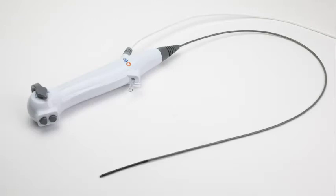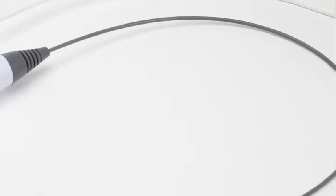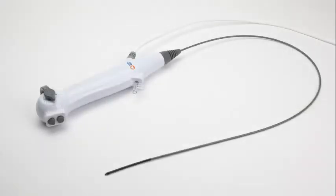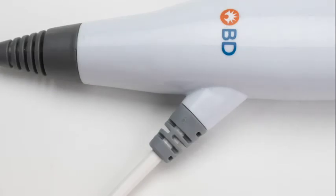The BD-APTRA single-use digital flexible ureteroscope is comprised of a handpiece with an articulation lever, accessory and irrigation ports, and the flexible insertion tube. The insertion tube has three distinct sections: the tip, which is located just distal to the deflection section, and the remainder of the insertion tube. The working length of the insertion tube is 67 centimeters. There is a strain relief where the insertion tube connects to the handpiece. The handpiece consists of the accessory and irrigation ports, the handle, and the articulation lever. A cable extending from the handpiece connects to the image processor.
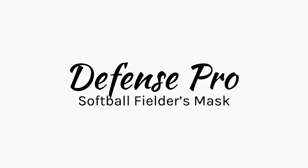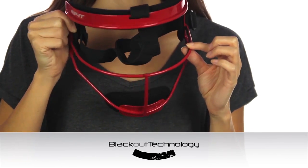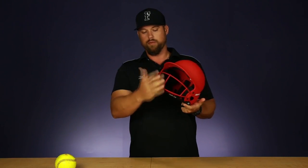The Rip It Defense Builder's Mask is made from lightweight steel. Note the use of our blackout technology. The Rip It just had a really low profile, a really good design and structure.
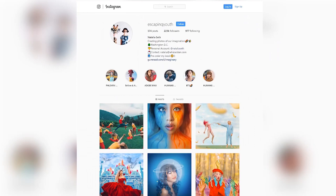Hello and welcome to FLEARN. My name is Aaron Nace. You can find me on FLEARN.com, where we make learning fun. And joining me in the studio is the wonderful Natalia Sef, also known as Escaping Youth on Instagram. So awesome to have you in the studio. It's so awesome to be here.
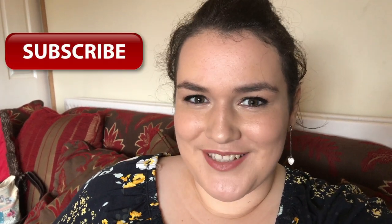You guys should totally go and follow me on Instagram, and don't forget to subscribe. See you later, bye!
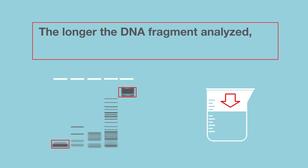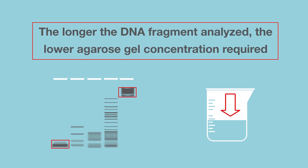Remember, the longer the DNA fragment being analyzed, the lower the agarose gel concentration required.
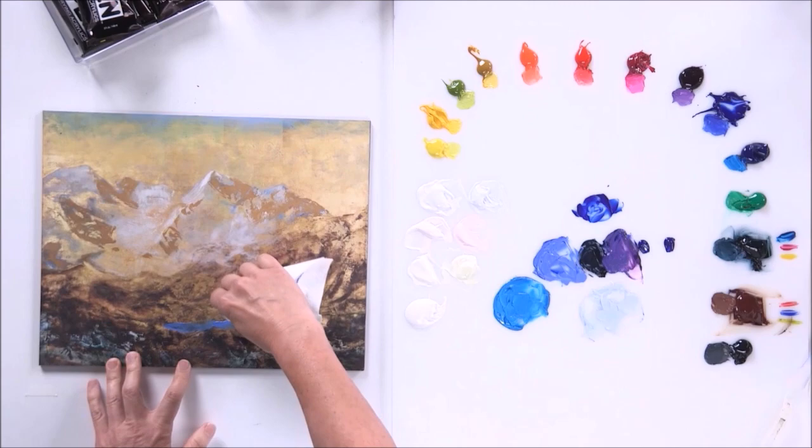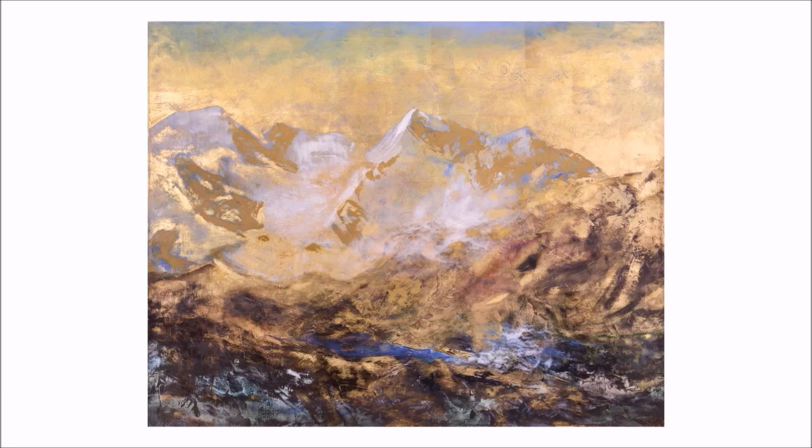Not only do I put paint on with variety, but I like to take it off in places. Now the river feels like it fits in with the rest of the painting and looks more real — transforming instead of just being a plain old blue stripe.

════════════════════

** Task directions **
Repeat the records in full, exactly as they appear, without the pictures.

** Solution for this exercise **
The BD-APTRA single-use digital flexible ureteroscope is comprised of a handpiece with an articulation lever, accessory and irrigation ports, and the flexible insertion tube. The insertion tube has three distinct sections: the tip, which is located just distal to the deflection section, and the remainder of the insertion tube. The working length of the insertion tube is 67 centimeters. There is a strain relief where the insertion tube connects to the handpiece. The handpiece consists of the accessory and irrigation ports, the handle, and the articulation lever. A cable extending from the handpiece connects to the image processor.
The Rip It Defense Builder's Mask is made from lightweight steel. Note the use of our blackout technology. The Rip It just had a really low profile, a really good design and structure.
Hello and welcome to FLEARN. My name is Aaron Nace. You can find me on FLEARN.com, where we make learning fun. And joining me in the studio is the wonderful Natalia Sef, also known as Escaping Youth on Instagram. So awesome to have you in the studio. It's so awesome to be here.
You guys should totally go and follow me on Instagram, and don't forget to subscribe. See you later, bye!
Remember, the longer the DNA fragment being analyzed, the lower the agarose gel concentration required.
Not only do I put paint on with variety, but I like to take it off in places. Now the river feels like it fits in with the rest of the painting and looks more real — transforming instead of just being a plain old blue stripe.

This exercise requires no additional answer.